This month, Rebel kicked off a consulting assignment for a leading insurance company in partnership with Robert K. Cooper, Ph.D. Dr. Cooper, a renowned neuroscientist and pioneer in the fields of neuroeconomics and emotional intelligence, has brought us on as part of a panel of experts to help a group of the company’s top producers double their production next year.
Dr. Cooper is up to some pretty cutting-edge stuff (more on that later) and it's a real honor to be serving alongside some big brains. Our job is to guide the clients through the process of reinventing their personal brands in ways that are relevant and effective.
We presented to two teams of clients in different cities - along with talking about the importance of compelling brands in today’s fragmented and advertising-averse environment, we dug into real-world examples of what brands are doing right, and wrong, and how to get it right through values like transparency and putting the customer first. Kinda like we do here on this blog. How about that?
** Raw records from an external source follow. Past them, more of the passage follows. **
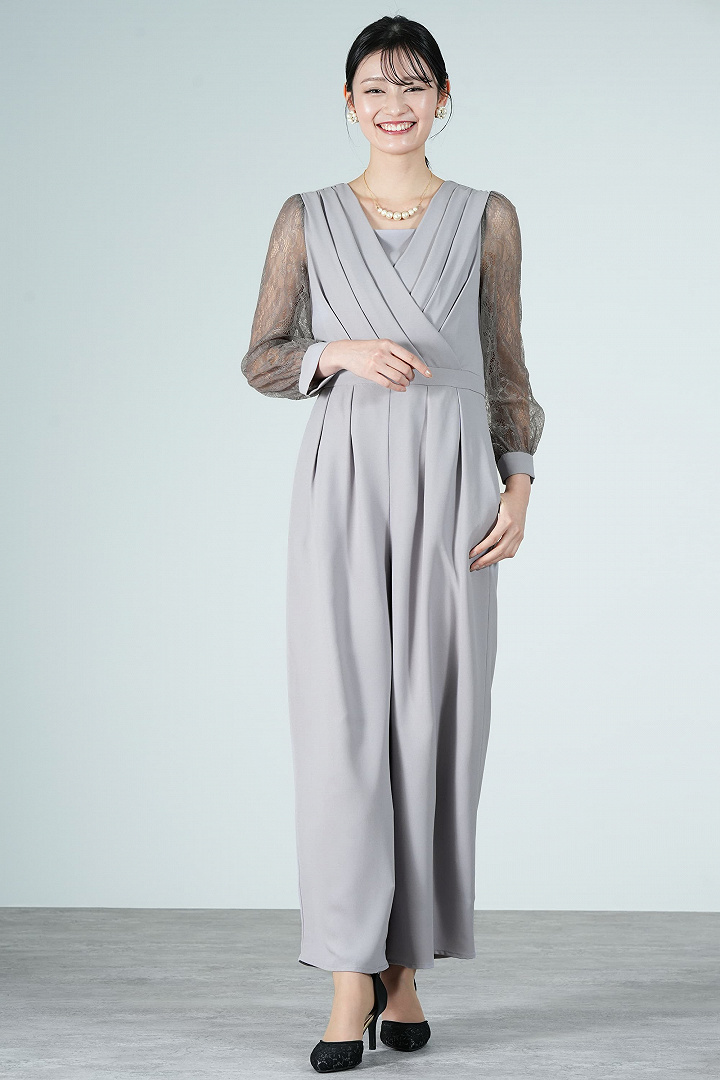 AIMER カシュクールトップスライトグレーパンツドレス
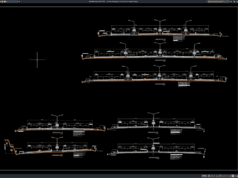 Download 3 Lanes Carriageway Cross Section DWG AutoCAD 3 lanes carriageway cross section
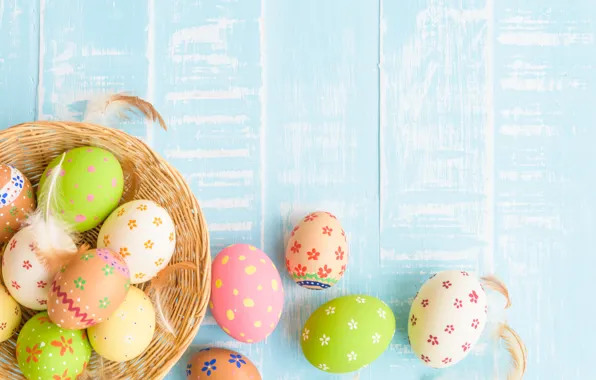 Eggs, Easter, happy, wood, blue, eggs, easter, decoration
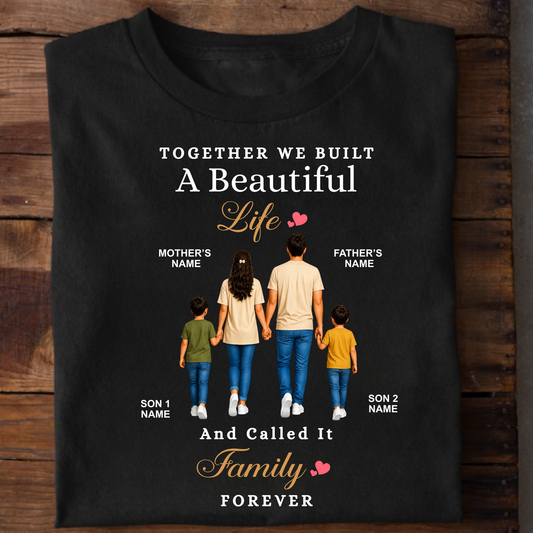 CUSTOMIZED - A BEAUTIFUL FAMILY WITH TWO SONS CLASSIC T-SHIRT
Case in point: I mentioned four things great brands do, which I borrowed from one of my favorite branding experts, Tim O’Brien:
- Clearly communicate a vision
- Treat people with respect
- Solicit contrary opinions
- Encourage other people’s ideas
Then, to keep it real, and drive my point home, at the end of my presentation, I asked the audience to call out one thing they really liked about my presentation. “Informative,” “Interesting,” were some of the words I heard. Okay fine, then I asked for one thing they didn’t like. Crickets...
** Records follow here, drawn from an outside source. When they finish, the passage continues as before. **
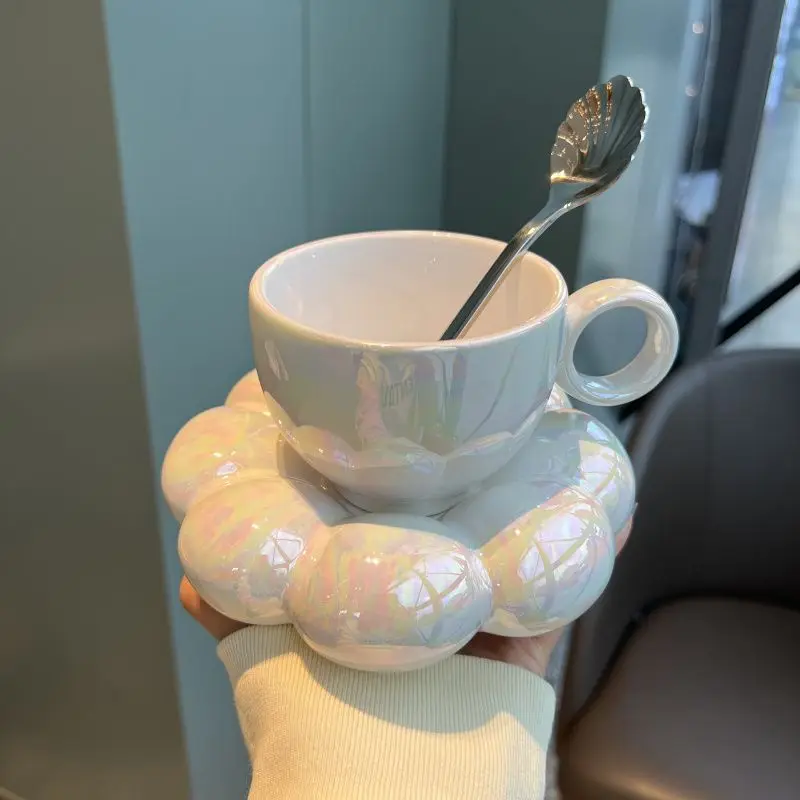 

Niche creative high-value design flower chubby coffee cup and saucer set gift afternoon tea cup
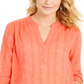 Style & Co Women's Textured V Neck Top Orange Size Large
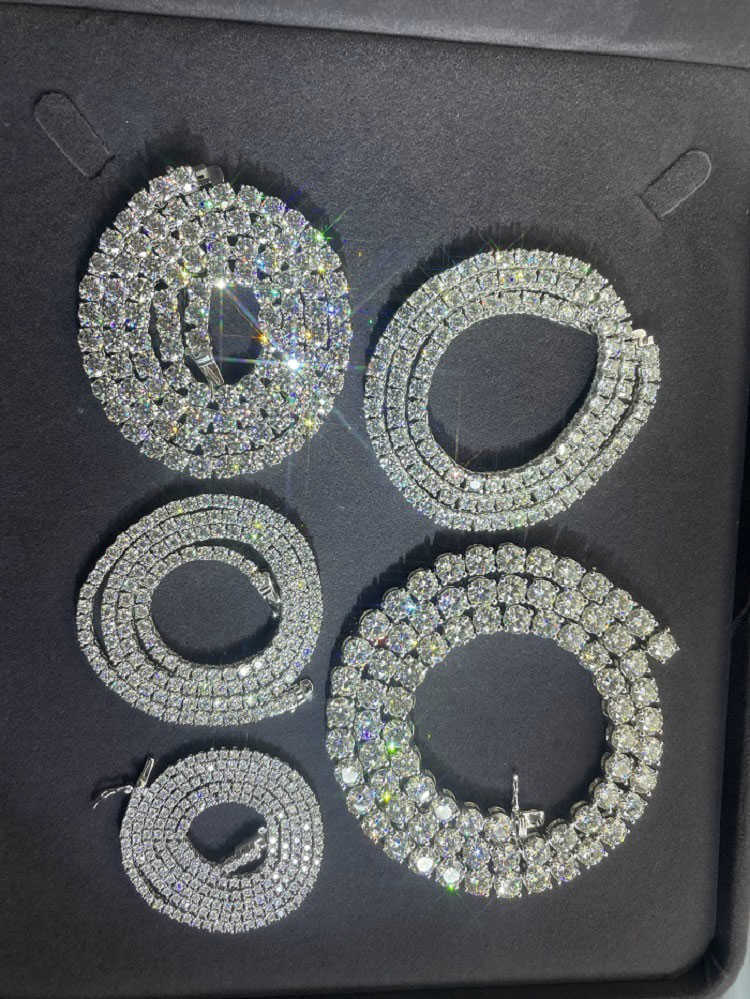 Free Fire Pass Diamond Test Real 925 Silver 2mm 3mm 4mm 5mm 65mm Wide Moissanite Diamond Jewelry Tennis Bracelet/necklace Chain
I didn’t give up. The first guy said something to the effect of he felt overwhelmed by the amount of unfamiliar information I had just dumped on them. The next guy said he didn’t like the pace. When I pressed him for specifics later, he said I spoke too slowly. (My wife agrees.) The guy next to him quickly jumped to my defense, saying “I liked the pace.” Then, the speaker who was to come on after me, shouted from the back of the room, “I don’t like that white t-shirt sticking out of the top of your shirt.” That got a good laugh. He continued, “What’s the matter, don’t they have v-necks and razors in LA?”
What’s the point? Why would I open myself up to this ridicule and criticism in a room full of strangers? Don’t I risk my credibility? Don’t I want to maintain my composure in front of clients and command control of the room?
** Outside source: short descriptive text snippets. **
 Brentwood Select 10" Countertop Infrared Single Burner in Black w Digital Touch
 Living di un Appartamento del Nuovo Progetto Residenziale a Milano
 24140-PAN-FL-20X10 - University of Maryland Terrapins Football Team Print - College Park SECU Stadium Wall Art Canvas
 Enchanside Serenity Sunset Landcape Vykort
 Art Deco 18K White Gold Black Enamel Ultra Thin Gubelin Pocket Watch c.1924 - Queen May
I did it to embody the key messages in my presentation:
- A brand is what your customer thinks it is, not what you think it is.
- You can either engage them in conversation and get them talking about your brand, or you can walk away thinking you’re fooling them and never know what they’re really thinking.
- Control is an illusion. Stop trying to regain control and join the conversation.
- Feedback is the only way to get better.